Ensuring students have access to advanced courses: We think that enriching courses can be included in our curriculum even when they have lower enrollment than we’d like. For years, the administration has refused to offer a formula that would account for the total number of students we teach so that our high-enrolled courses can balance the occasional low-enrolled course that offers such rich experiences for our students.
Committing to a safe, family-friendly work environment: The University System of New Hampshire wants to dramatically increase insurance costs on faculty and staff. We pledge to fight this attempt to burden our families at the worst possible time. We know USNH has the money to weather temporary deficits. More than that, we aim to ensure safe working conditions, new resources for new parents, and to help faculty on the tenure-clock if tragedy strikes their family.
Enhancing the transparency of the onboarding process for new faculty: We want to help new faculty be able to negotiate effectively their credit and time towards promotion and tenure.
Recognizing that you’re working harder than ever: We’ve heard your concerns and made them into proposals to better match your work plan to your actual workload.
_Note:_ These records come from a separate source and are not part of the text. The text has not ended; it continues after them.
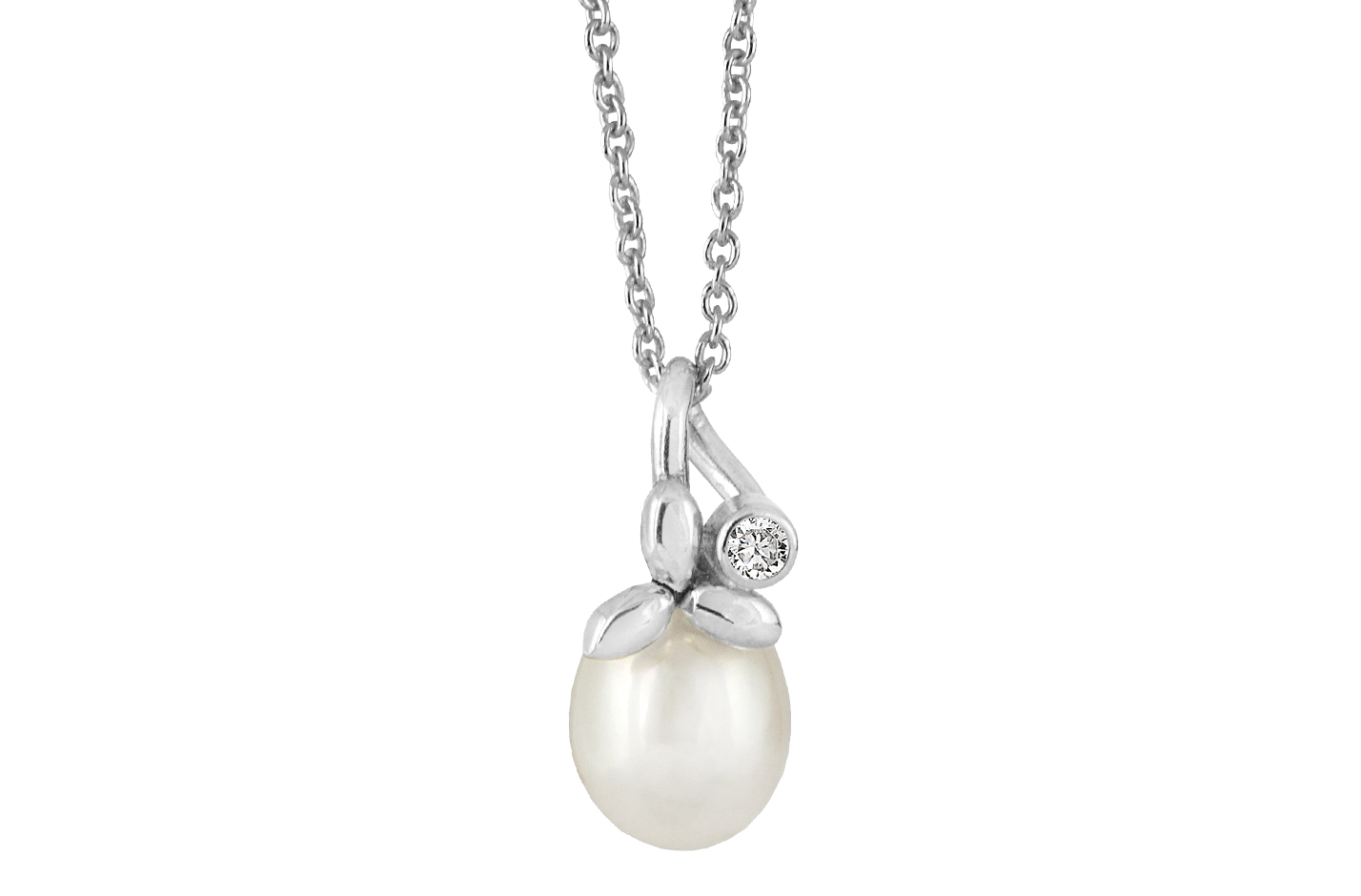 Collier - hvid ferskv.perle+ zirkonia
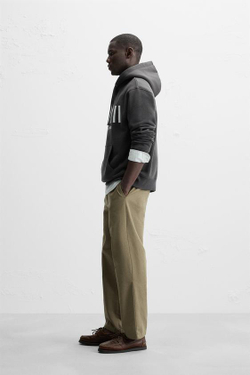 ZARA ХУДИ С ВЫШИТЫМИ НАДПИСЯМИ, АНТРАЦИТОВО-СЕРЫЙ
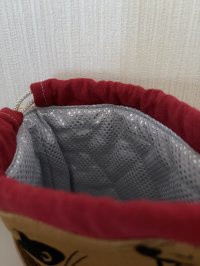 画像1: kiki：保冷きんちゃく袋(ねこフェイス茶色)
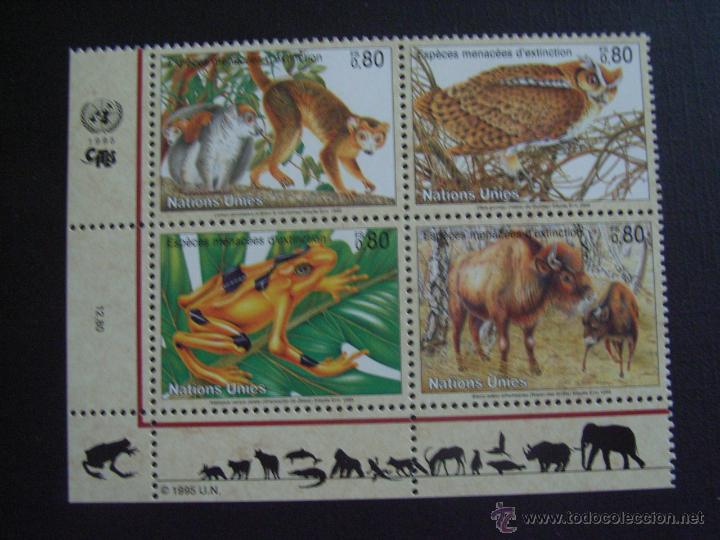 Briefmarken: NACIONES UNIDAS GINEBRA N&ordm; YVERT 283/6*** A&Ntilde;O 1995. FAUNA. ANIMALES EN PELIGRO DE EXTINCION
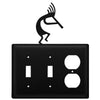 Triple Kokopelli Double Switch & Outlet Cover Metal Plate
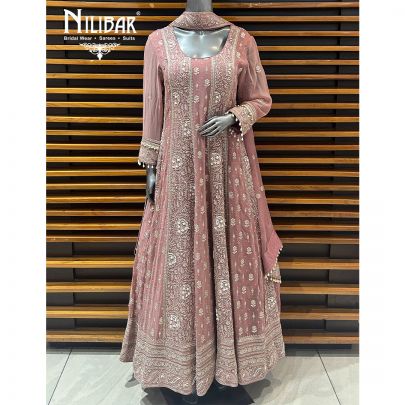 Pink Georgette Anarkali Suit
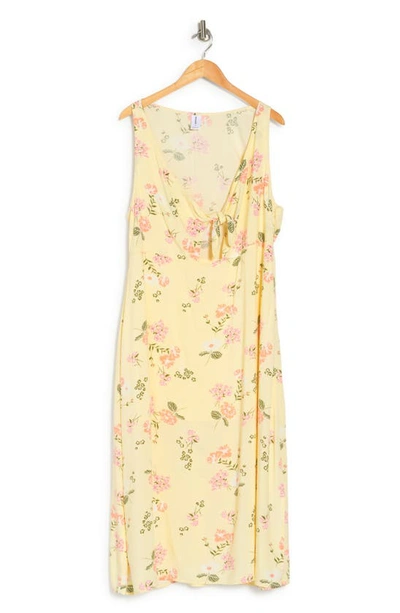 Abound Tie Front Midi Dress In Yellow Delicate Floral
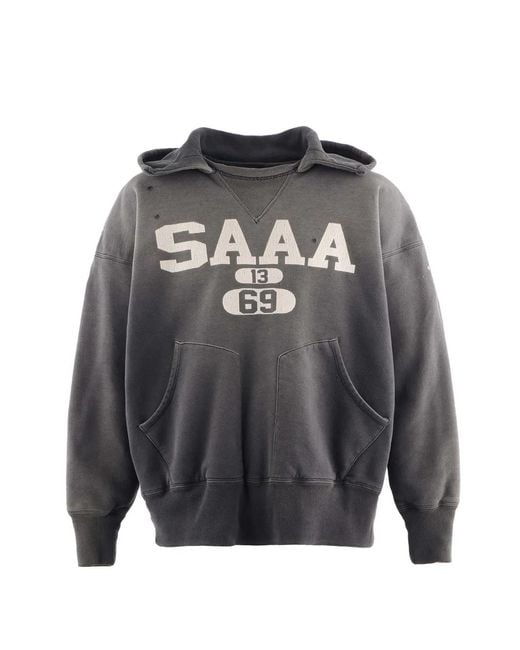 SAINT Mxxxxxx Gray Berberjin Logo-Print Hoodie for men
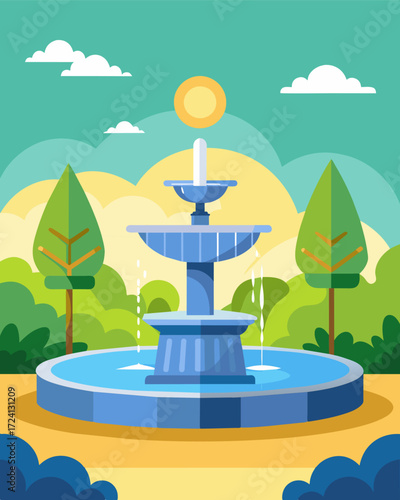 A tranquil park setting with a majestic solarpowered fountain providing a peaceful escape for parkgoers.. Vector illustration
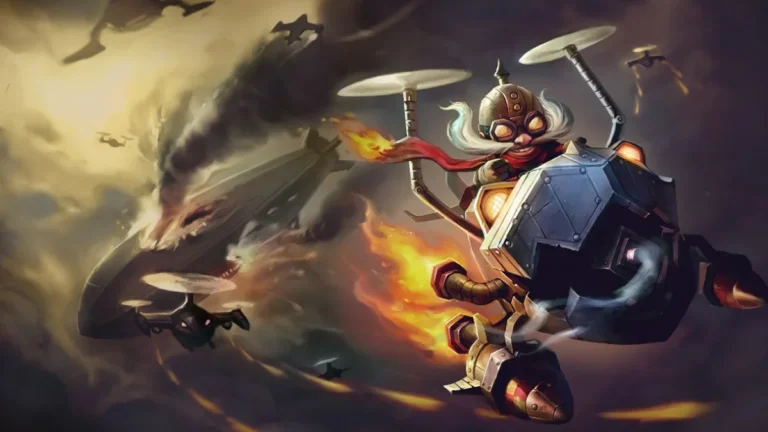 Corki pilots a metal aircraft with twin overhead propellers and a red scarf amid smoke and flames.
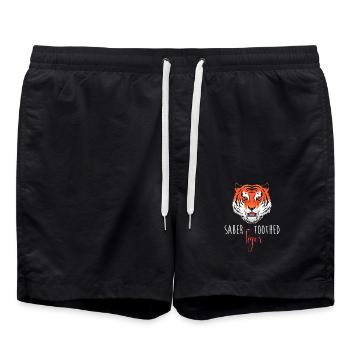 Tigre à dents de sabre - Short de bain - noir - Devant - AI Model Male 185 light (185cm)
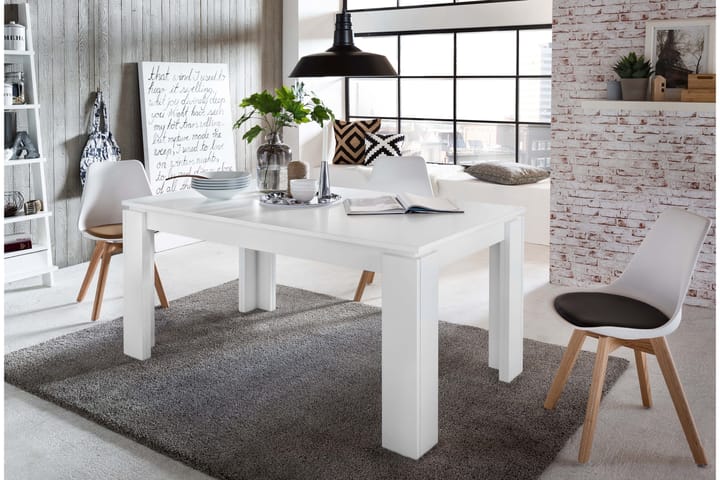 Ruokapöytä Rifallet Jatkettava 160 cm - Valkoinen - Huonekalut - Pöytä & ruokailuryhmä - Ruokapöydät & keittiön pöydät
Even better, we want to ensure that there’s funding for your next sabbatical so that you can take time to invest in the projects that make Plymouth State innovative.
We cannot keep doing more with less. Our motto of Ut prosim (That I may serve) does not mean we must sacrifice ourselves to the institution. We must hold the line so that USNH sees that overworking and underpaying employees is a bad deal for everyone. With millions in cash and short-term investments, they can afford to support faculty and staff. We seek nothing short of a fair contract.